Work instruction - In the entries that follow, find the line containing "ONCAI Hausschuhe Herren" and the line containing "fresh figs stuffed", then copy exactly everything from the first through the second except the pictures.

Data records -
------------
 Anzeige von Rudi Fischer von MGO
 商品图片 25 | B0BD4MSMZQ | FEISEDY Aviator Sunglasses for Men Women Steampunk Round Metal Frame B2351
------------
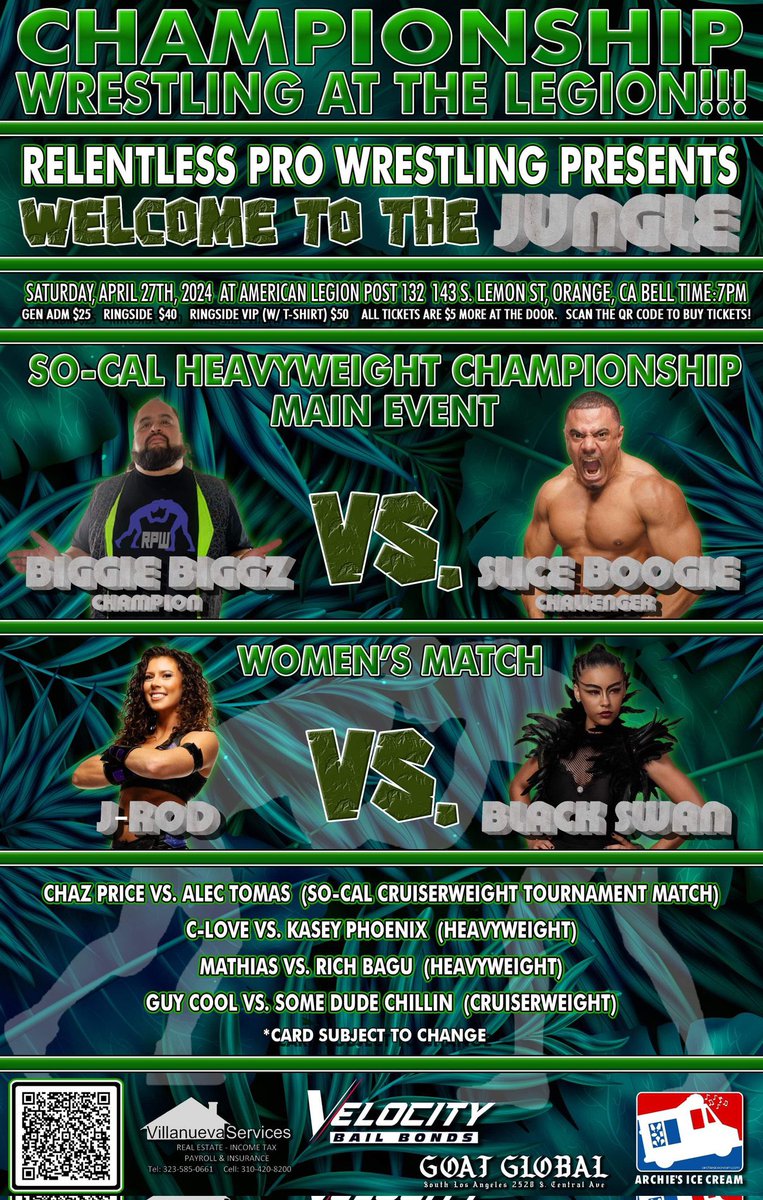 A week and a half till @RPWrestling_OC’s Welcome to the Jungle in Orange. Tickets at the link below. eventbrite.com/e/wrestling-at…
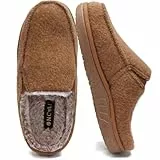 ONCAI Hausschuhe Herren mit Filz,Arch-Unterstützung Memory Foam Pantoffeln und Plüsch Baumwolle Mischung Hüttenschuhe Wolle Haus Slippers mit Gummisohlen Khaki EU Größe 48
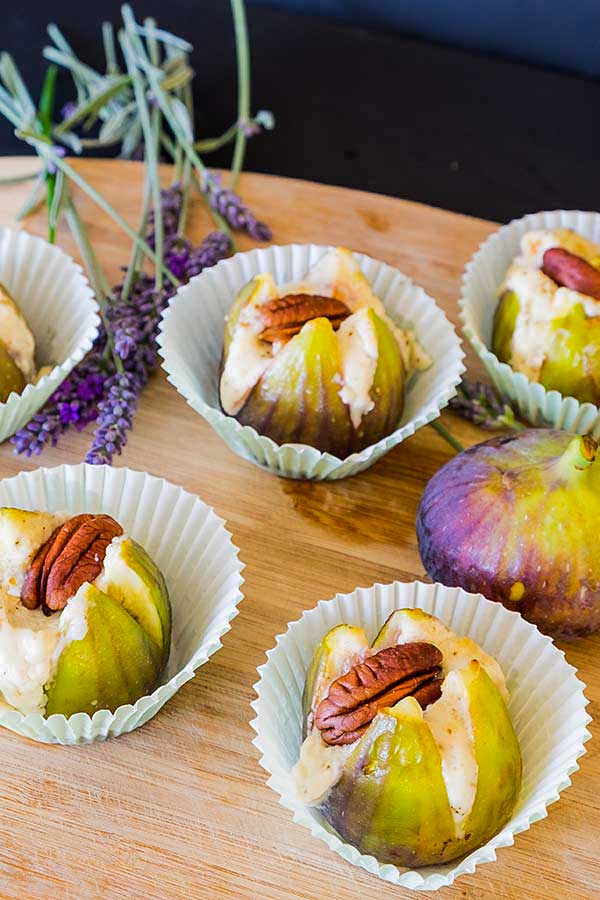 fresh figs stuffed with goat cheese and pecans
------------
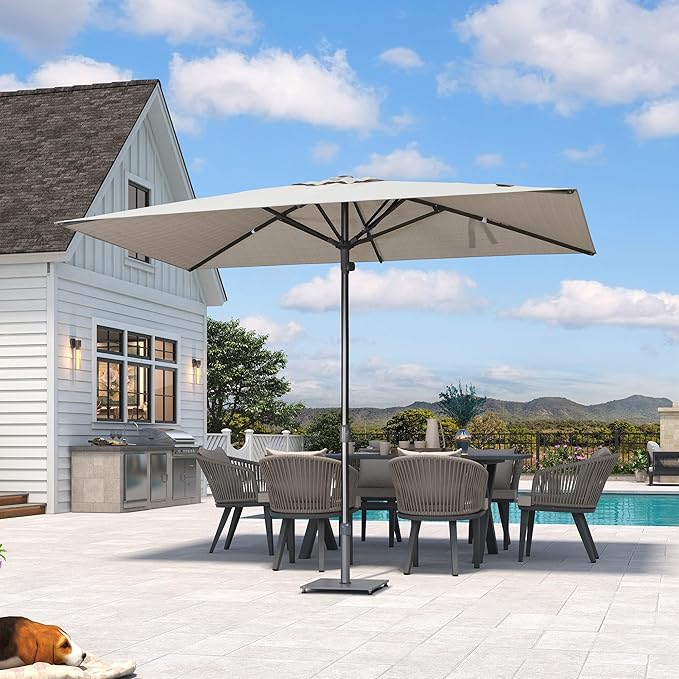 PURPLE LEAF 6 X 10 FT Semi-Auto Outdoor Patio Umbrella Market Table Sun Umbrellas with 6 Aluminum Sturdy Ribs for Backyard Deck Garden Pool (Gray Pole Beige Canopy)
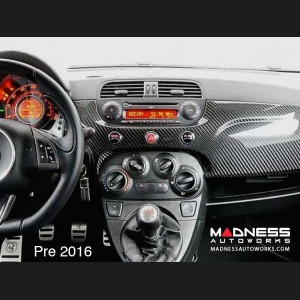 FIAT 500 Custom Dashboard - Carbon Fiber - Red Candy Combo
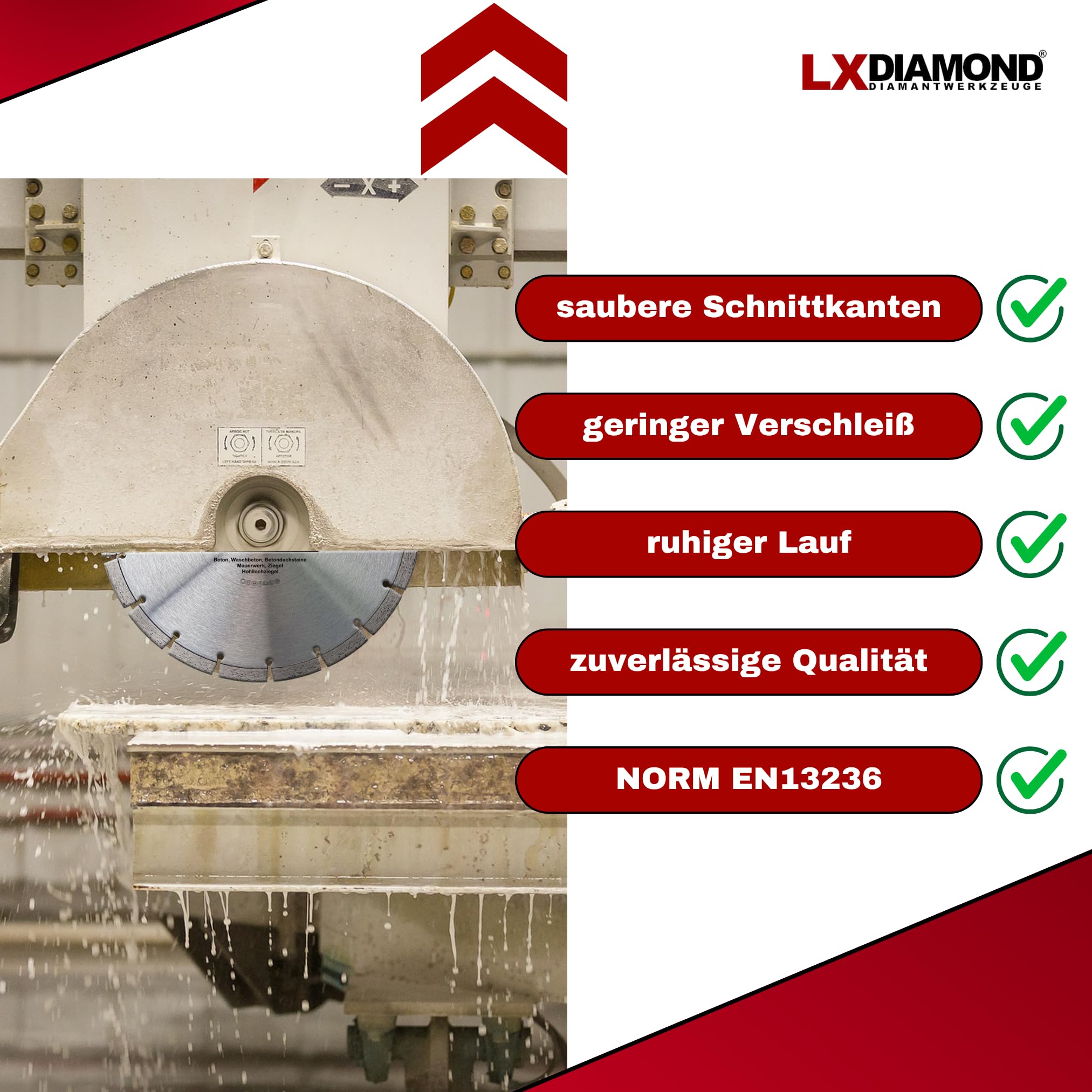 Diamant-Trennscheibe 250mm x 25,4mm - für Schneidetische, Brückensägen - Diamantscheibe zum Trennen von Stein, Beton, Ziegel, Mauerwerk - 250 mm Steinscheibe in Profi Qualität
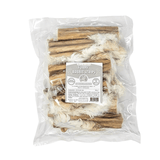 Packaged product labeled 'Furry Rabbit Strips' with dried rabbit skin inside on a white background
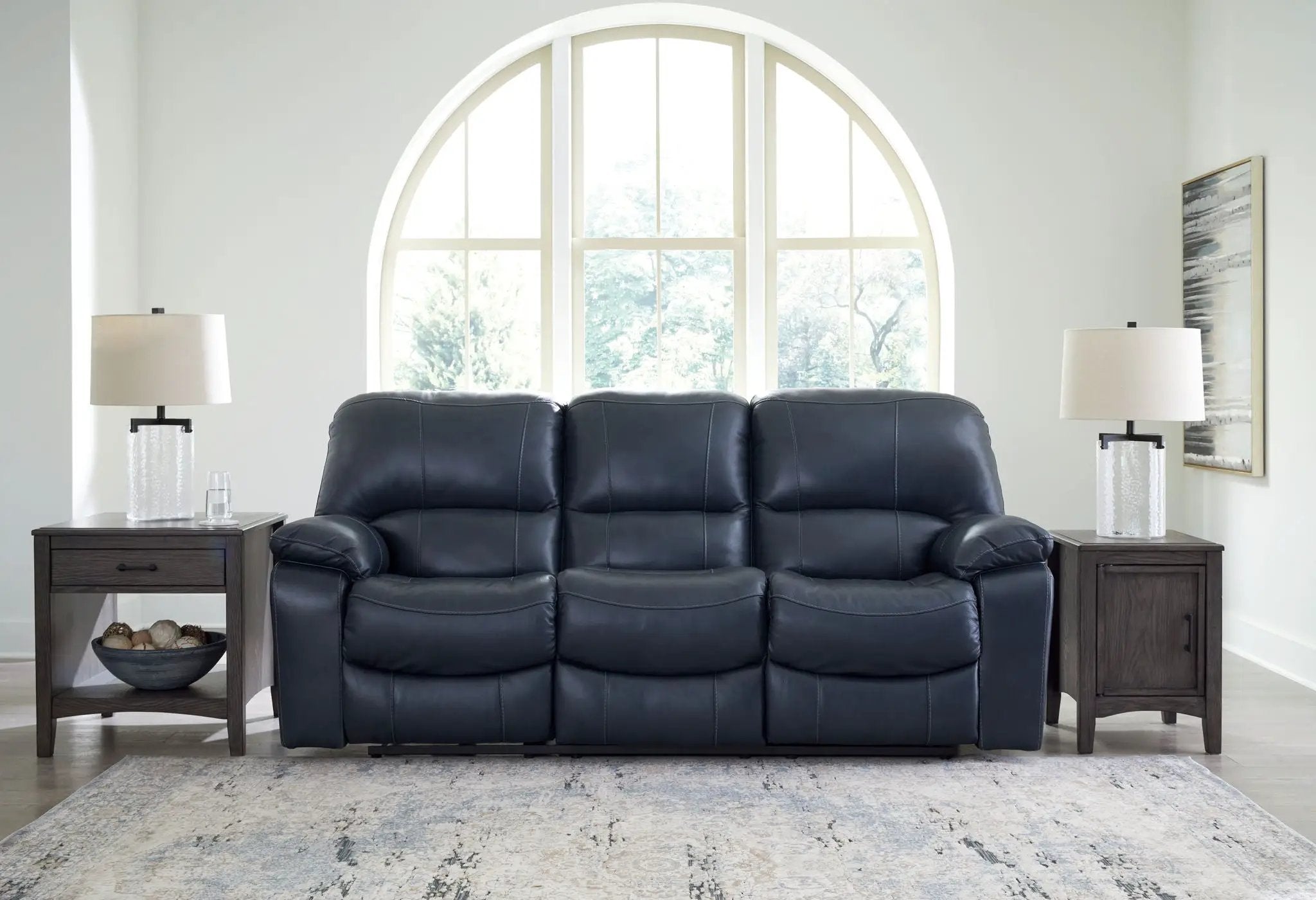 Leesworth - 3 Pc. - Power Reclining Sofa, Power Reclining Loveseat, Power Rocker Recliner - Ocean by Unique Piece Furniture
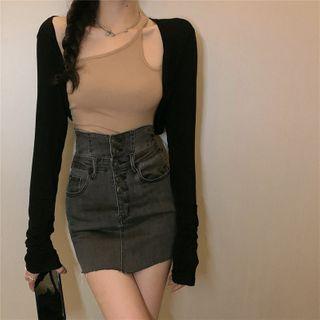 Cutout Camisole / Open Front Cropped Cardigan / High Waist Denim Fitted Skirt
------------
Written response -
 ONCAI Hausschuhe Herren mit Filz,Arch-Unterstützung Memory Foam Pantoffeln und Plüsch Baumwolle Mischung Hüttenschuhe Wolle Haus Slippers mit Gummisohlen Khaki EU Größe 48
 fresh figs stuffed with goat cheese and pecans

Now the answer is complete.